### [Exercise details]
Starting at the line with "100563699 | Photo 24", copy each line through the last one below exactly as written, without any pictures.

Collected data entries
:::::

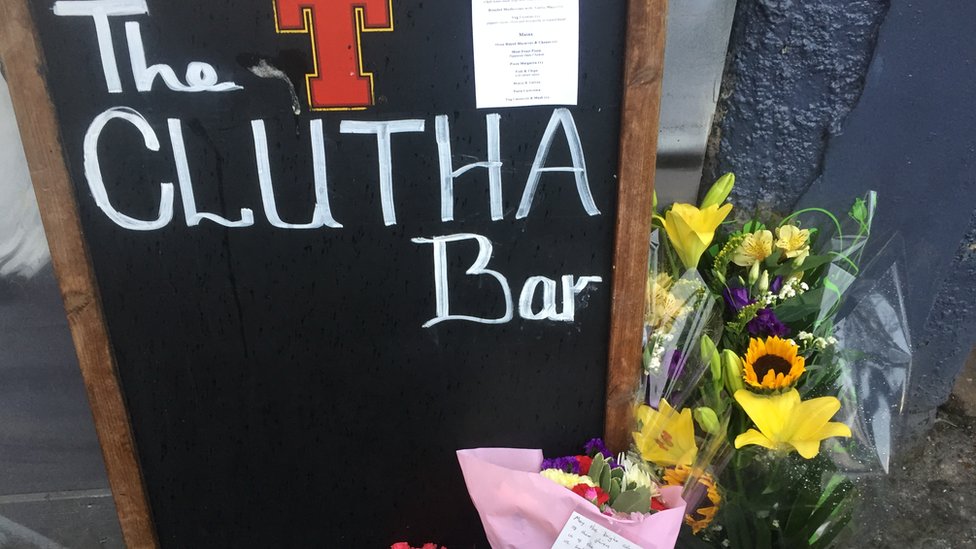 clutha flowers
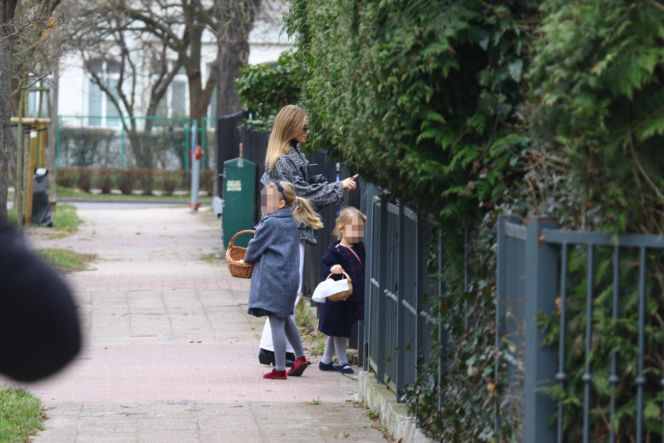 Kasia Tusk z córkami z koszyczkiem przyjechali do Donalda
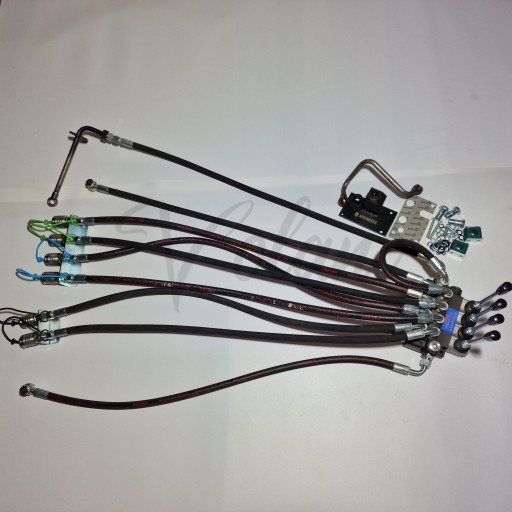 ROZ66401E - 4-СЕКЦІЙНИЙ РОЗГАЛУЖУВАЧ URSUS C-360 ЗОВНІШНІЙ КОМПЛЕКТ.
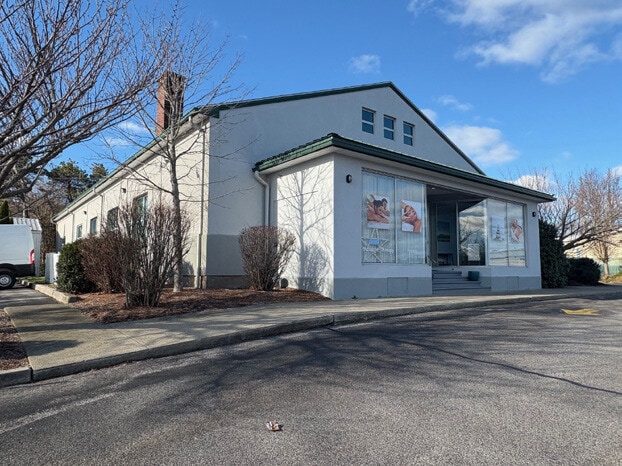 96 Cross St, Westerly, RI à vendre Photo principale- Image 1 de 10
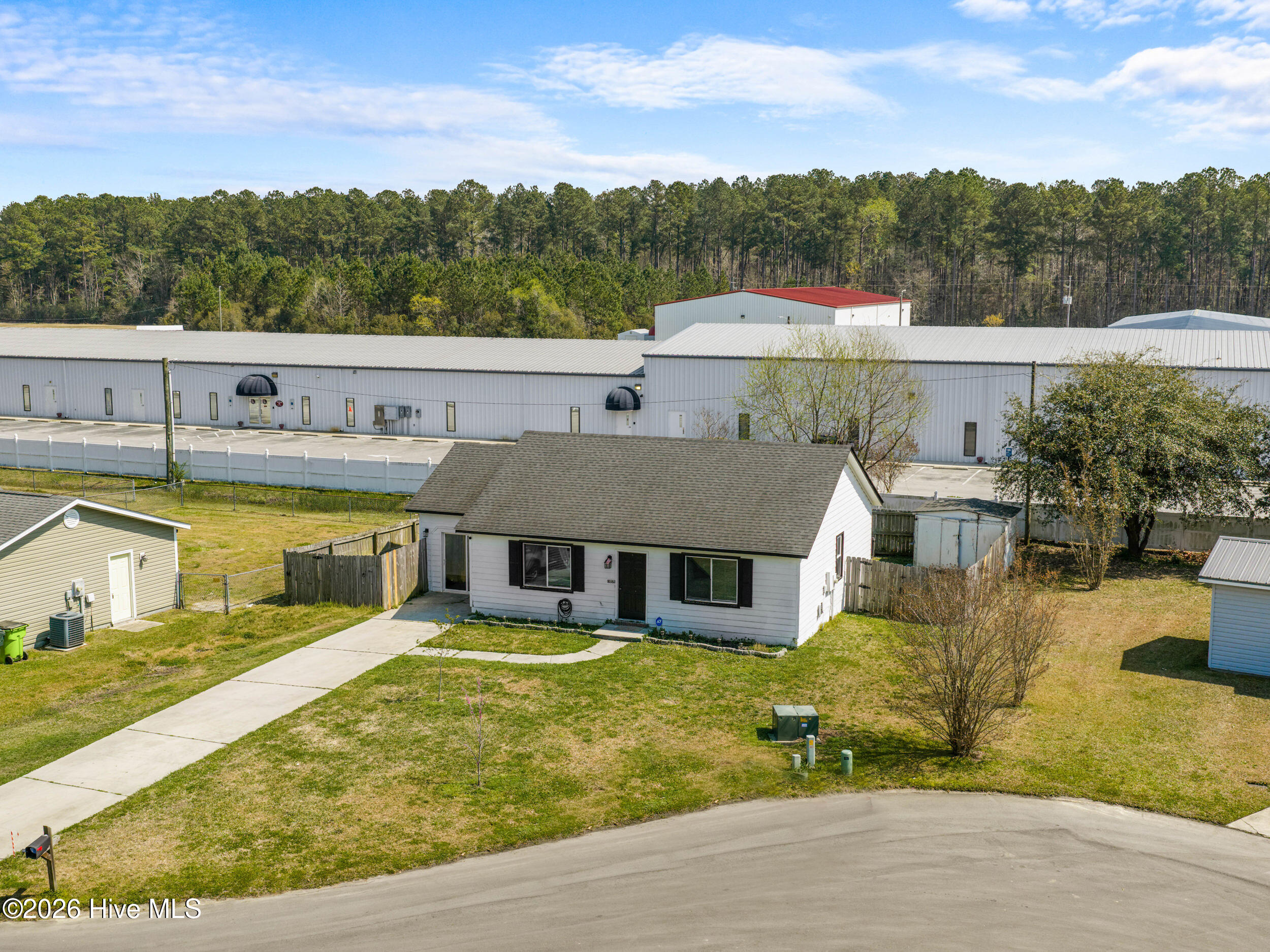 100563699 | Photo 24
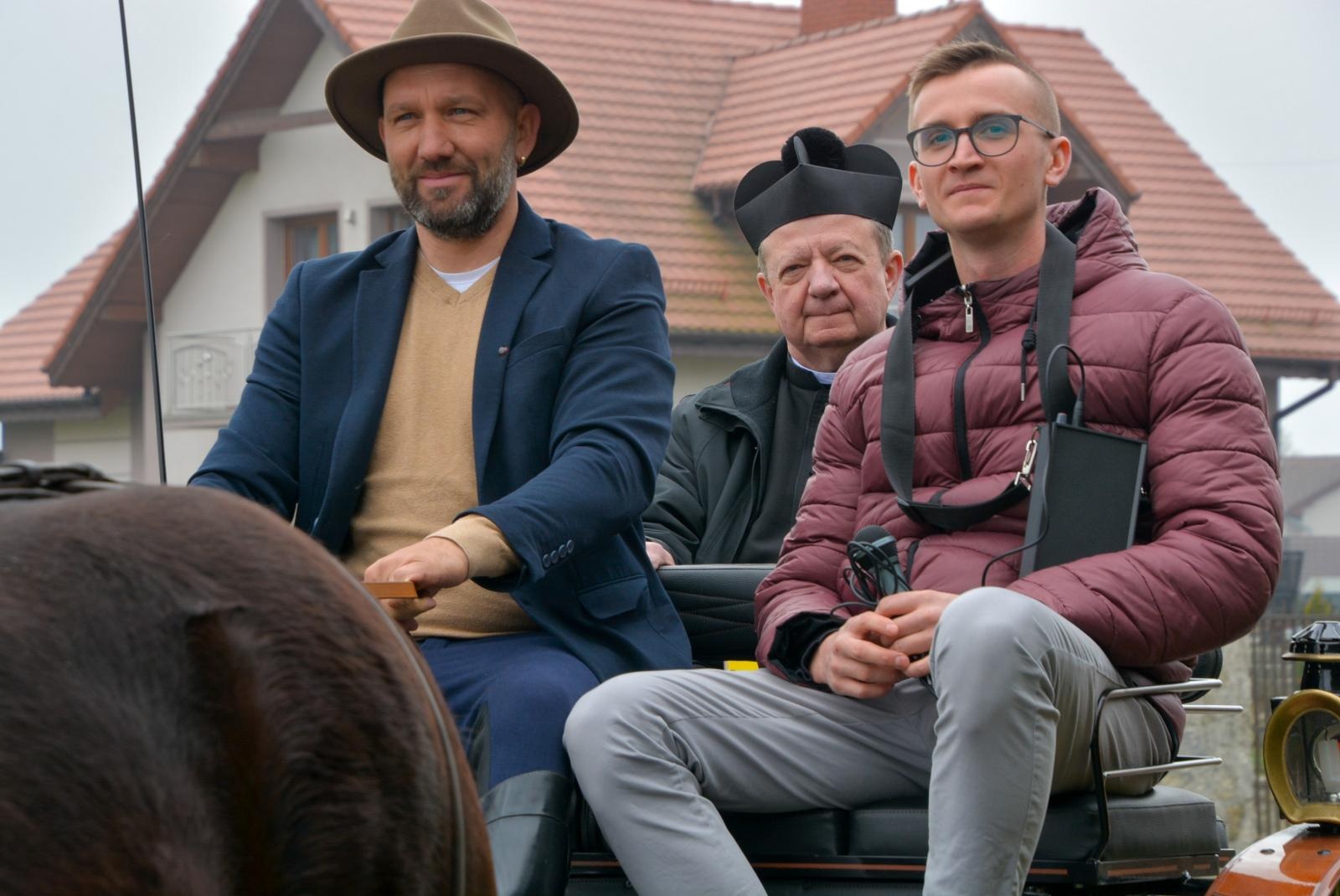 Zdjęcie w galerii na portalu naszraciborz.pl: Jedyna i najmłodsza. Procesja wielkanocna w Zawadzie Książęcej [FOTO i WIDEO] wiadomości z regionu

:::::

### [Completed exercise]
 100563699 | Photo 24
 Zdjęcie w galerii na portalu naszraciborz.pl: Jedyna i najmłodsza. Procesja wielkanocna w Zawadzie Książęcej [FOTO i WIDEO] wiadomości z regionu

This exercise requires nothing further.